2012年3月。収益物件としては、全国で初めてとなるシングルマザーシェアハウス「ぺアレンティングホーム高津」がオープンした。なぜ、建築家である僕が、母子シェアハウスを立ち上げるに至ったのか。その背景を何回かに分けて書いていこうと思う。
 母子ハウスの今までと、これからを少しでも多くの人に知ってもらいたい。
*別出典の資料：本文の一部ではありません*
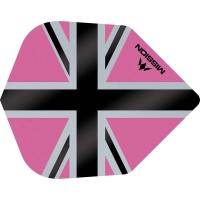 Masquedardos Feathers Mission Darts No 6 Std Alliance-x Union Jack black pink F3124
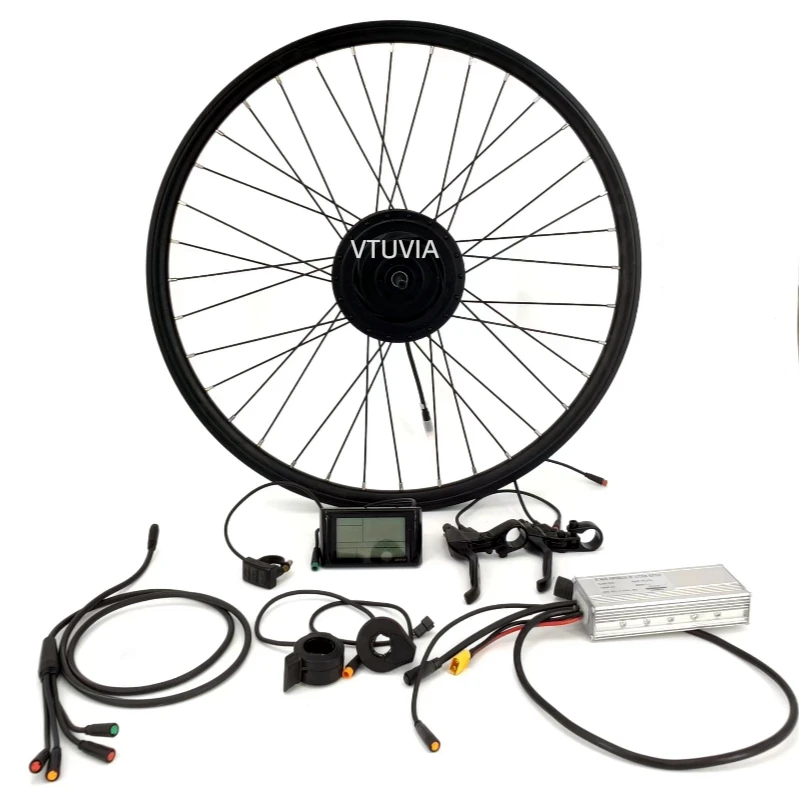 Cheap price direct sales front wheel 20 inch 26 inch ebike 250w-2000w brushless motor conversion kit with battery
まだまだ、成長していかなくてはいけない事業だし、多くの人の助けと応援が必要である。
 2015年、母子ハウスのポータルサイト「マザーポート」を立ち上げ。
 2019年、母子ハウスの運営者が集う全国組織「NPO法人全国ひとり親居住支援機構」立ち上げ。
 そして、これから僕らは何を目指していくのか。

 6回目の記事になります。
 これまでの記事はこちらより。


シングルマザーシェアハウスのメリット

 ペアレンティングホーム高津がオープンしてから、シングルマザーシェアハウスに関わり始めて、この新しい試みのメリットもデメリットも経験してきた。

 今回は、そのメリットをまとめたいと思う。


入居のハードルが低い

 賃貸物件を借りる時に不利益を被ることもある中で、シングルマザーシェアハウスは当然のことながら、母子家庭であることを理由に入居を拒むことはない。

 初期費用も一般的な賃貸に比べると、圧倒的に安くなる。
 敷金や礼金といったものがなく、鍵の交換費用や清掃費の預かり金と当月の日割り家賃、次月の家賃程度で入居できる場合が多い。中には、就労状況に応じて、フリーレント期間や当初の家賃を下げる仕組みがあるハウスもある。

 また、就労状況が不安定であったり、就労していない状態であっても、一定の条件を満たせば入居することができるように、ルールを定めているハウスが多い。ここはとても重要なところだ。
 一般の賃貸物件だと、無職の状況でスムーズに物件を貸してくれるところはほとんどない。ただ、引っ越しをともなうことによって就いていた仕事を辞めなくてはならなかったり、そもそも無職の状態で問い合わせをしてくる母子家庭は多い。そのような状況下であっても、入居をすることができる選択肢があるということは、とても大きなメリットだと思う。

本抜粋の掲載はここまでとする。